▶ [Task instructions]:
Working from the start of the listing, please write out exactly the lines through the one that holds "And then Letterbomb", both included, and omit all pictures.

Start of Given data

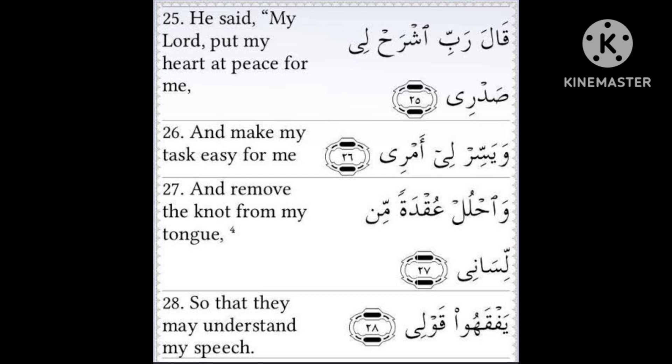He said: My Lord, put my heart at peace for me and make my task easy for me, and remove the knot from my tongue so that they may understand my speech.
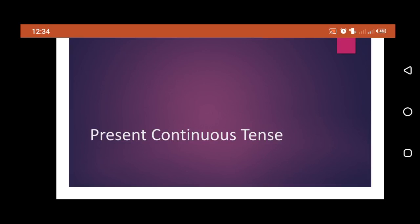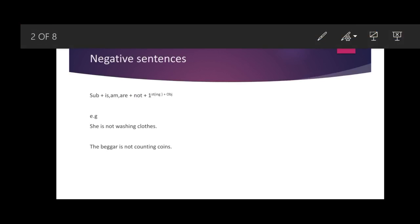In this part of the video lecture we will deal with negative and interrogative sentences. First of all, negative sentences. Look at the structure: subject, then is/am/are as helping verb, then not, then the first form with -ing — also called the fourth form or present participle — then object. Look at the examples: 'She is not washing clothes.' 'The beggar is not counting coins.'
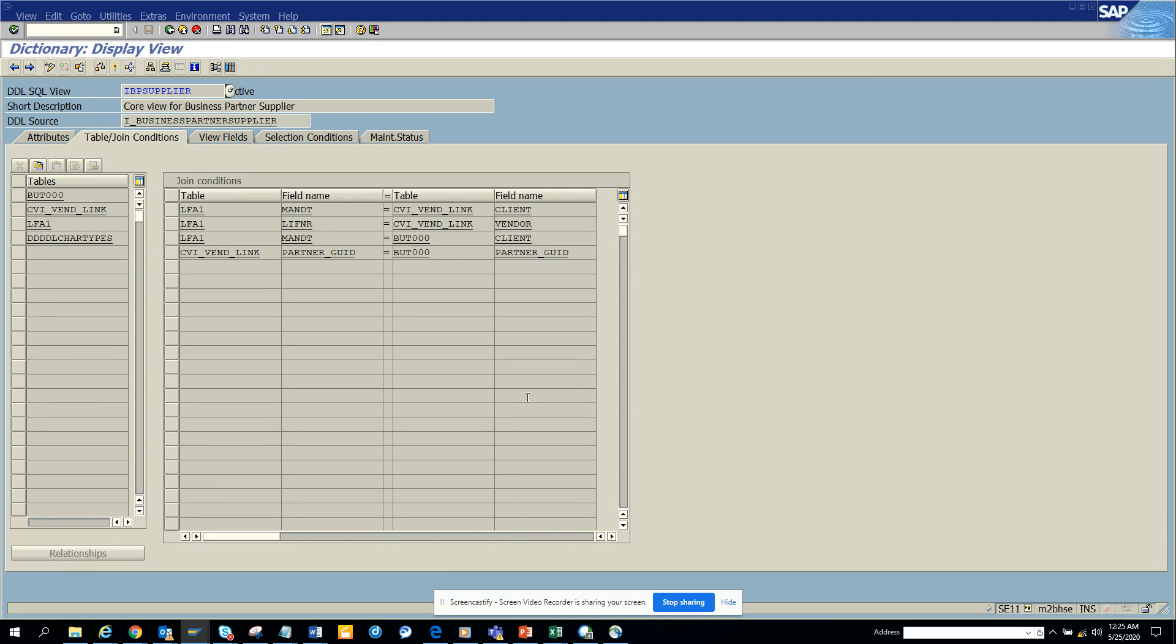Not always that the business partner number will be the same as the vendor number, so this table stores the relationship. Now if you want to see the data in it, just copy this, IBP supplier.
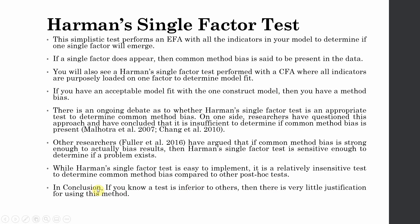In conclusion, if you know a test is inferior to others, then there is very little justification for using this method. However, having said that, recently this particular test has been used in a number of research papers.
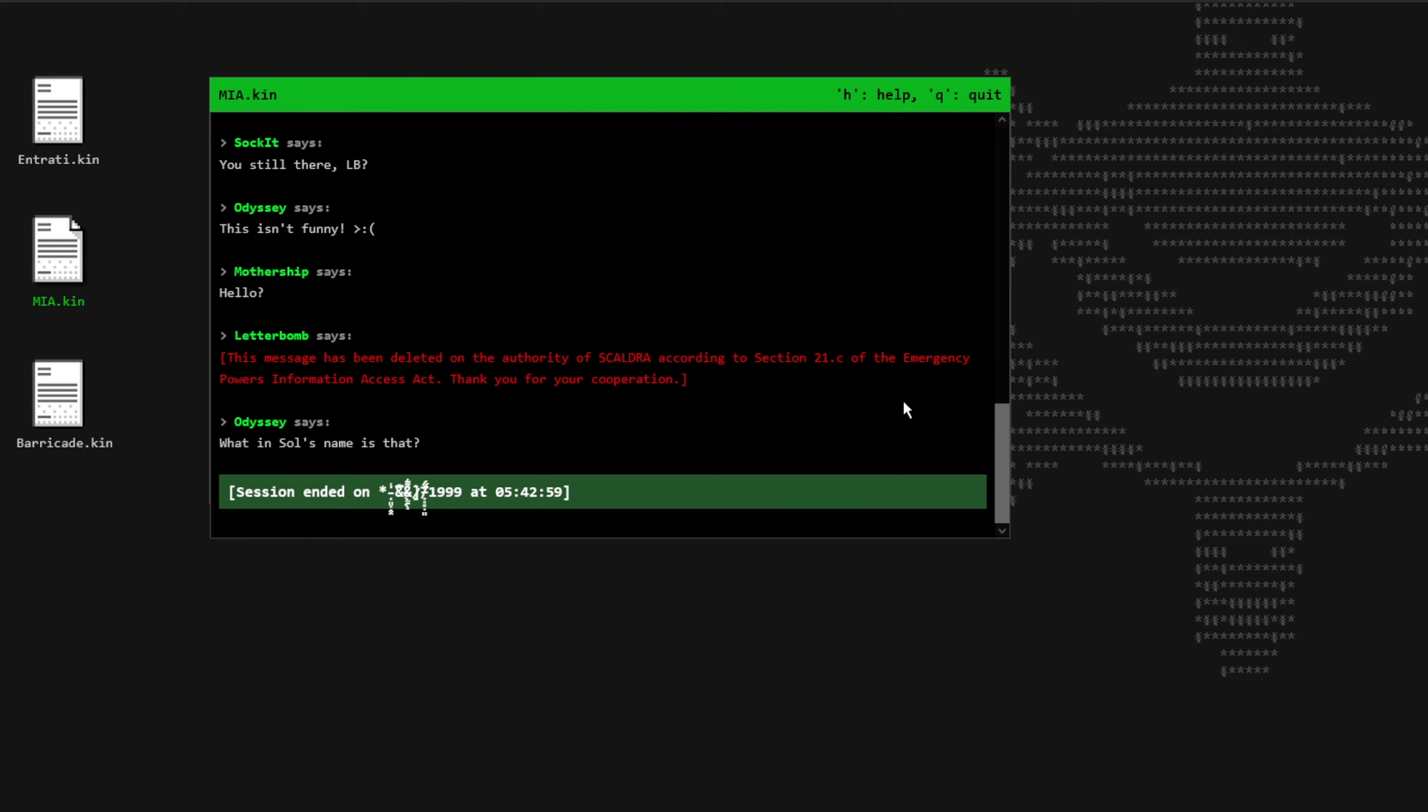And then Letterbomb says, this message has been deleted on the authority of Skaldra, according to section 21c of the Emergency Powers Information Access Act. Thank you for your cooperation. Odyssey says, what in the soul's name is that?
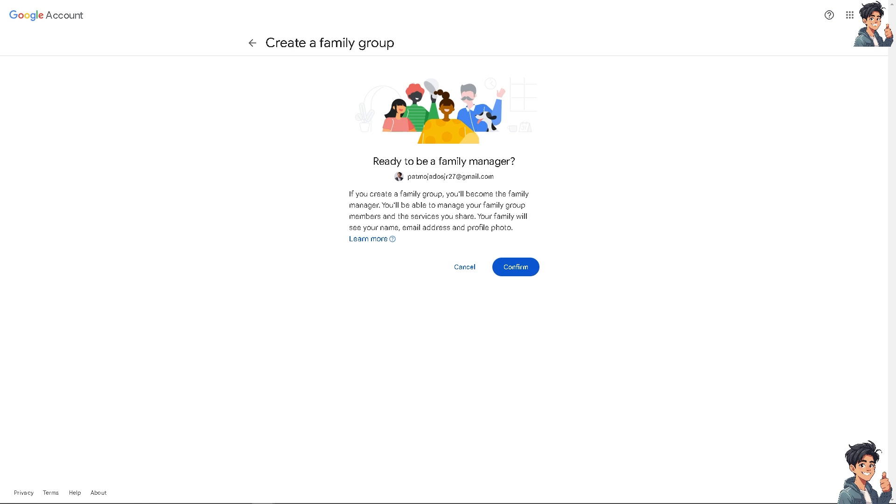By sharing Google Drive storage with family or other people, it helps streamline collaboration and improve access to important information and manage costs effectively, all while ensuring data is organized and secure. Thank you so much for watching. We'll see you again in the next video.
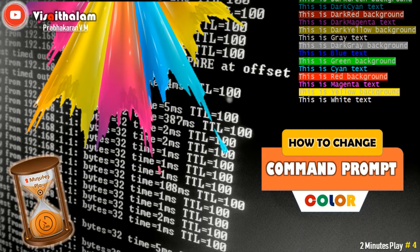Hello everyone, this is Prabhakran, welcome to 2 minutes play. Everyone has to agree that the normal colors in the command prompt are extremely boring. We deal mostly with the gray, black and white colors. But in this video, I will show how to customize the command prompt with different colors.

End of Given data

▶ [Exercise answer]:
He said: My Lord, put my heart at peace for me and make my task easy for me, and remove the knot from my tongue so that they may understand my speech.
In this part of the video lecture we will deal with negative and interrogative sentences. First of all, negative sentences. Look at the structure: subject, then is/am/are as helping verb, then not, then the first form with -ing — also called the fourth form or present participle — then object. Look at the examples: 'She is not washing clothes.' 'The beggar is not counting coins.'
Not always that the business partner number will be the same as the vendor number, so this table stores the relationship. Now if you want to see the data in it, just copy this, IBP supplier.
In conclusion, if you know a test is inferior to others, then there is very little justification for using this method. However, having said that, recently this particular test has been used in a number of research papers.
And then Letterbomb says, this message has been deleted on the authority of Skaldra, according to section 21c of the Emergency Powers Information Access Act. Thank you for your cooperation. Odyssey says, what in the soul's name is that?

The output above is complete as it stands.